◆ **YOUR GOAL**
Your task is to set down the line containing "Disgiuntore Hager MCB" and every later line of the entries, word for word, including the last.

◆ **Excerpts from a dataset**

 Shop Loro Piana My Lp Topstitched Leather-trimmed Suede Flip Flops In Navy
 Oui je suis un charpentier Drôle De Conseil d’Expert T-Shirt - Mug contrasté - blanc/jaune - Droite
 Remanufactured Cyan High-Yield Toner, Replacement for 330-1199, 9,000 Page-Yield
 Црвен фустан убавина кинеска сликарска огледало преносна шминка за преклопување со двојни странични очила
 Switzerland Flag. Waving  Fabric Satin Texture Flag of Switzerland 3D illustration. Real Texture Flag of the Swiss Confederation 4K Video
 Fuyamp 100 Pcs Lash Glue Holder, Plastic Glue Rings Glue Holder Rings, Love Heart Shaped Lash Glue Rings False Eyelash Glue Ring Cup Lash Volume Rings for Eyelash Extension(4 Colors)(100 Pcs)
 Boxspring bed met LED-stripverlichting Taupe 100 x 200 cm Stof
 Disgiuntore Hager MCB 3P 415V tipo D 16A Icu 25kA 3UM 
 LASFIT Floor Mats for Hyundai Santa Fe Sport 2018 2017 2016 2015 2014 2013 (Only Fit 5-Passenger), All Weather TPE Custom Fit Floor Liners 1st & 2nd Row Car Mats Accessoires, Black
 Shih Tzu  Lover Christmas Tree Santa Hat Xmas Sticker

◆ **SOLUTION TO THIS TASK**
 Disgiuntore Hager MCB 3P 415V tipo D 16A Icu 25kA 3UM 
 LASFIT Floor Mats for Hyundai Santa Fe Sport 2018 2017 2016 2015 2014 2013 (Only Fit 5-Passenger), All Weather TPE Custom Fit Floor Liners 1st & 2nd Row Car Mats Accessoires, Black
 Shih Tzu  Lover Christmas Tree Santa Hat Xmas Sticker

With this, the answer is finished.